| WORK TO BE COMPLETED |
Ignoring every picture, return the lines of the listing below word for word, from the line that holds "脸部泛红敷面膜刺痛,脸上长痘痘闭口泛红有刺痛皮肤干" through the line that holds "HepG2 cells by".

[[ DATA TO USE open ]]

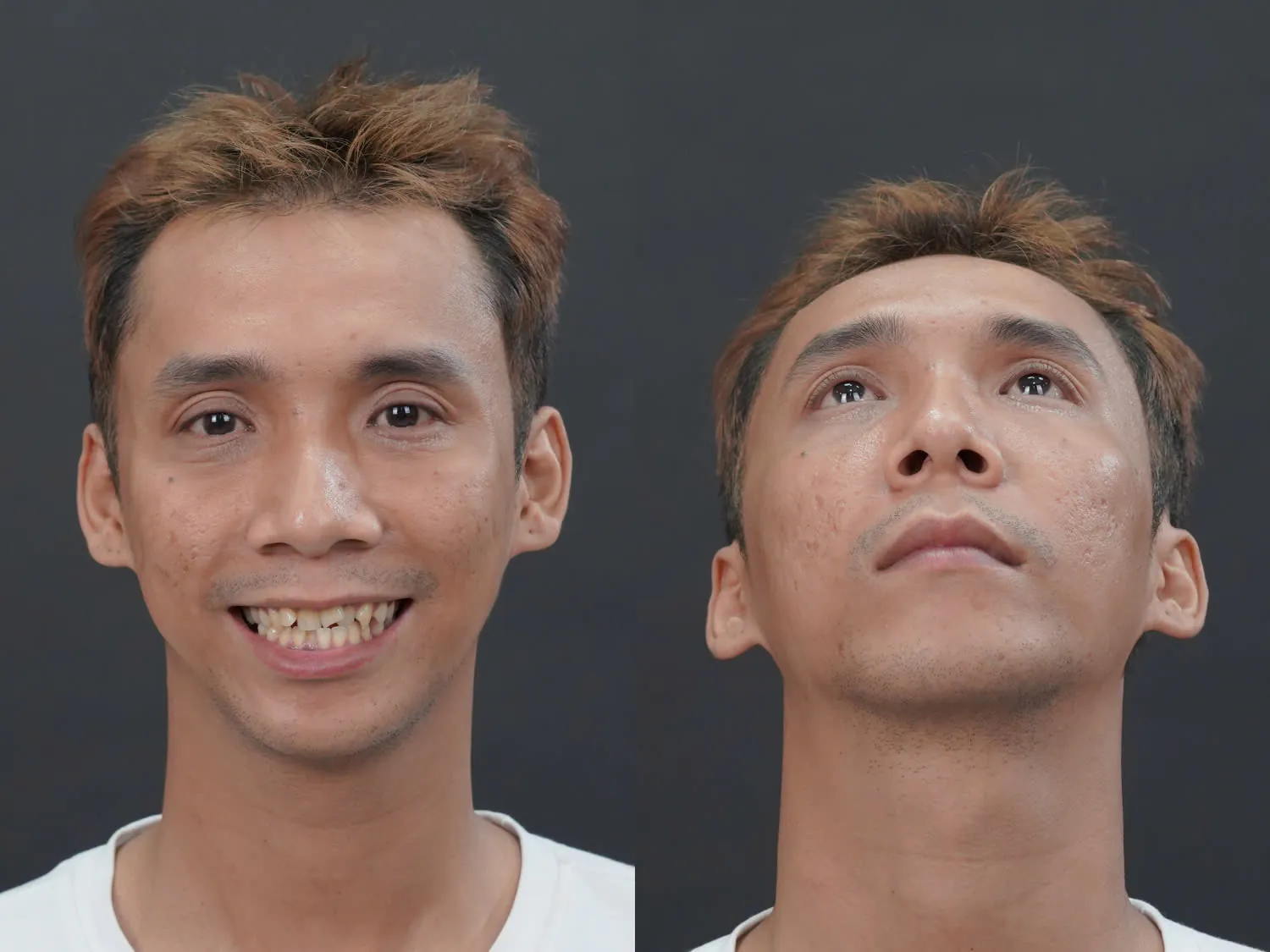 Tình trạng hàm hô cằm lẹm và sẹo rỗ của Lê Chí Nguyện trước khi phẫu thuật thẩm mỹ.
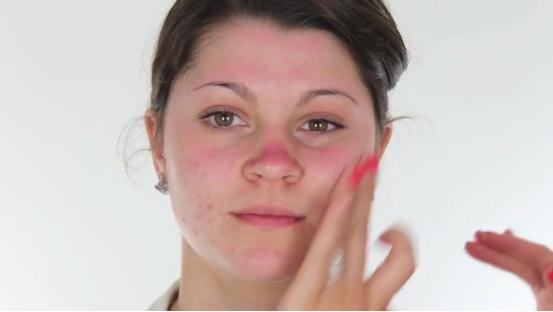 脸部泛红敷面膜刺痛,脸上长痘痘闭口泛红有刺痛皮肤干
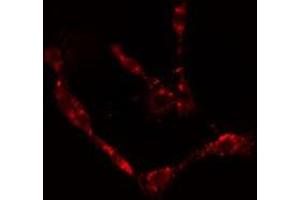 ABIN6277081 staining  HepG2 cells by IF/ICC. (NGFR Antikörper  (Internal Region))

[[ DATA TO USE closed ]]
[[ DATA TO USE open ]]

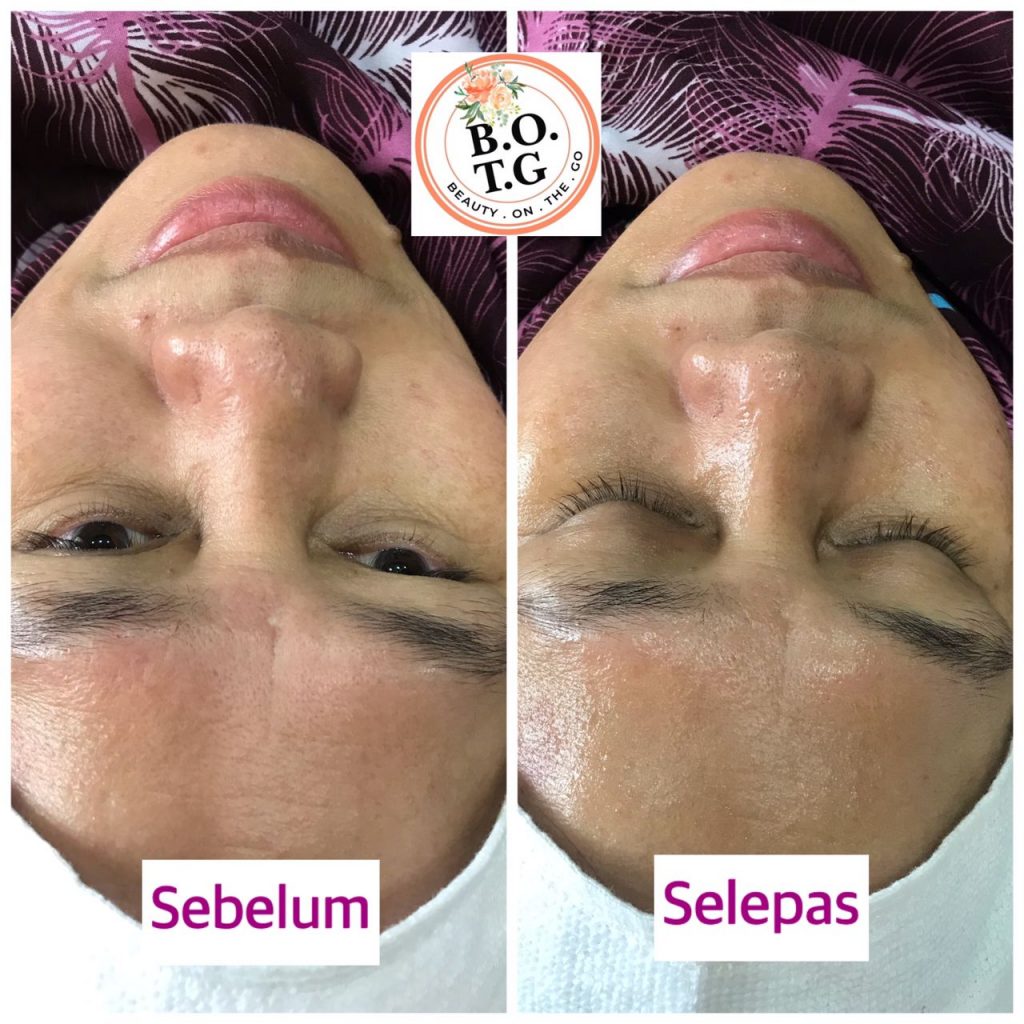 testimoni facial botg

[[ DATA TO USE closed ]]
[[ DATA TO USE open ]]

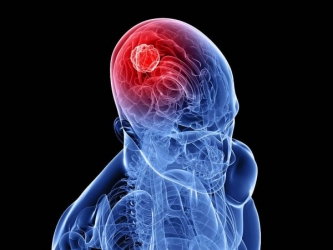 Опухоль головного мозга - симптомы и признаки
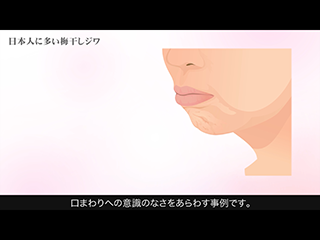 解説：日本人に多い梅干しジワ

[[ DATA TO USE closed ]]

| COMPLETED EXERCISE |
 脸部泛红敷面膜刺痛,脸上长痘痘闭口泛红有刺痛皮肤干
 ABIN6277081 staining  HepG2 cells by IF/ICC. (NGFR Antikörper  (Internal Region))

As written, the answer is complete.